Geraldo Peçanha de AlmeidaDivulgação

Estou estarrecido com a repercussão do caso da mãe que exigiu tratamento real ao “Filho Rei”. A moça que se recusou a dar a lugar na janela, atingiu dois milhões de seguidores, e isso é o meu foco porque explica tudo. Primeiro, o celular está sendo proibido nas escolas e ao mesmo tempo a polícia de São Paulo, sobretudo, passou a ser o foco dele. O celular é a mais poderosa arma da denúncia – inclusive ele denuncia nós mesmos e nossas atitudes.

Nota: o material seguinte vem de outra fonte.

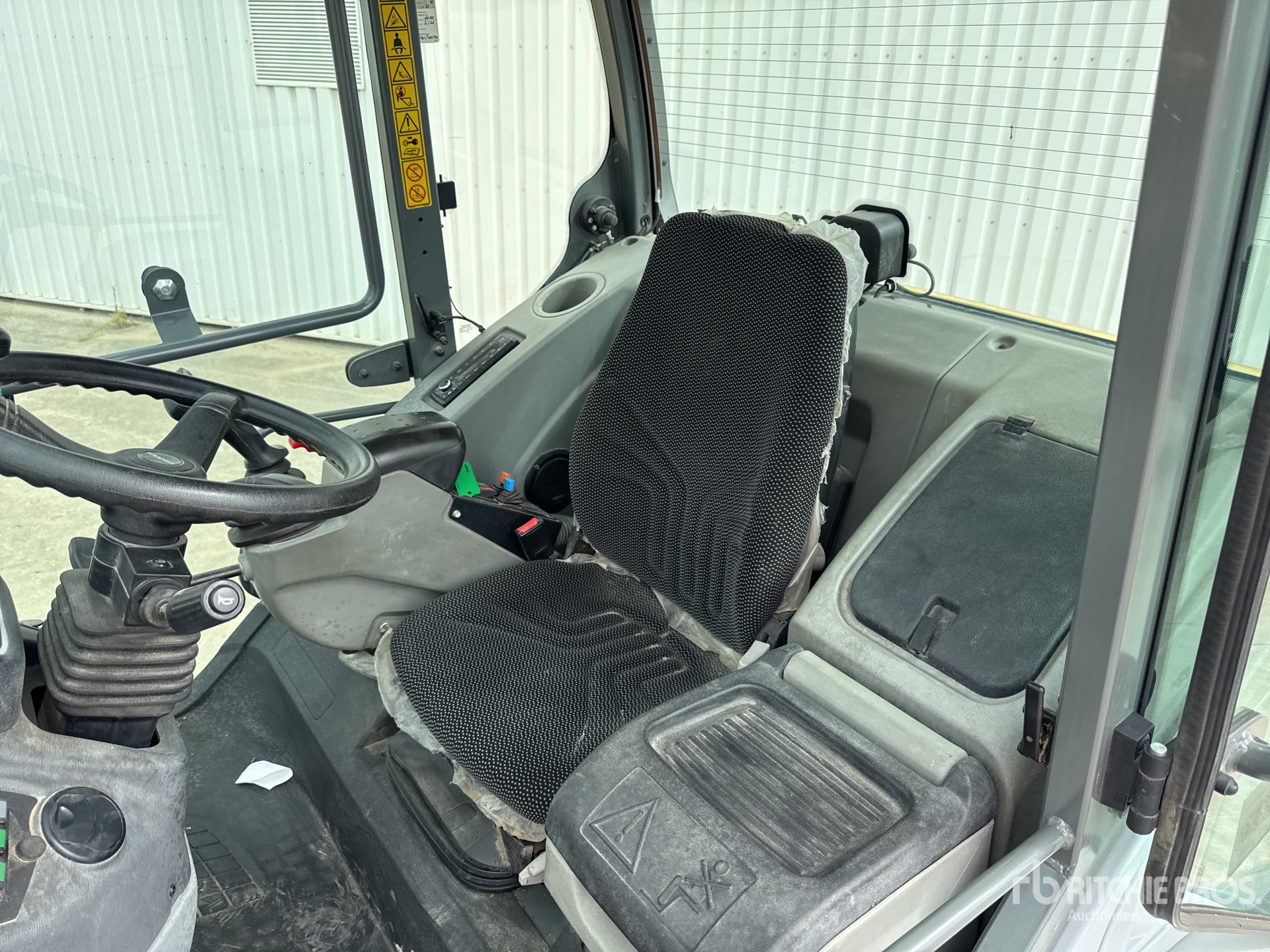 2023 Kramer 8115L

O celular apresenta ao mundo nossa intimidade sem máscara. Lembro-vos quanto veio à tona o médico abusando de uma paciente no Rio. Todo mundo falou e condenou o médico (eu também!), mas poucos pensaram que, por trás daquelas imagens tinha uma pessoa que poderia, se não fosse o ego, ter evitado mais um abuso. Mas, ao invés de denunciar e entregar a investigação às autoridades, preferiu assistir ao vivo e depois espalhar as imagens. Ou seja, podemos falar de valores humanos? O médico errou muito, mas será que quem grava uma imagem, tendo a chance de evitar mais um crime, pode só ter acertado? Deixemos a moça da janela, o médico abusador, e vamos ao que interessa. Quando eu estava na sala de aula de alfabetização, uma mãe procurou a direção da escola e pediu a proibição do livro Serafina e a criança que trabalha. A alegação dela era que a filha não precisava ler uma realidade que não era a dela e tampouco iria acrescentar algo. Pasmem! A direção acatou. O livro foi proibido e eu fui calado.
Mães e pais indo às escolas exigindo que professores se retratem e se desculpem por terem frustrado seus filhos acontece diariamente. Esses casos vêm à tona as frustrações dos pais e a incapacidade de intervirem amorosamente – dissolução de conflitos e cultura de paz. Ela parte para acusação e condenação no calor da hora. Durante momentos de crise a sociedade busca comportamentos autoritários e totalitários, isso explica porque 2 milhões de pessoas passaram a admirar e a seguir “a moça da janela”. Ela representa a ordem e a lei que nós não podemos fazer, mas queremos. Triste fico ao ver que nós não somos capazes de nos enxergar nessas situações. Parece que só os outros são capazes de tamanha falta de empatia, mas as faltas nessa situação são de todos nós: faltou educação com limites, faltou pais presentes, faltou limites, faltou empatia, faltou profissionalismo, faltou cultura de paz e faltou educação – para todos, sem exceção.
O peso da perfeição adoece pais que nunca tiveram ou têm diferentes exemplos sobre a paternidade e delicadeza, e por isso eles não têm como olhar para si mesmos e dizer que não estão conseguindo – mas o celular os denuncia. A questão é: até que ponto estamos, nós pais e mães, dando a chance para que nossos filhos sejam realmente criados pela inspiração de uma cultura de paz? Quantas pessoas, adultos e crianças presenciaram aquele momento no avião?
Momento em que adultos se perdem em suas vontades momentâneas diante de uma simples ação de uma criança. Se esse evento servir como exemplo pra humanidade talvez ele só possa mostrar o quanto ainda nós, adultos, não temos a menor condição de sermos exemplos para as crianças. E lembrando o grande Erasmo Carlos: “Mas estou envergonhado, Com as coisas que eu vi, Mas não vou ficar calado, No conforto acomodado como tantos por aí, É preciso dar um jeito, meu amigo”.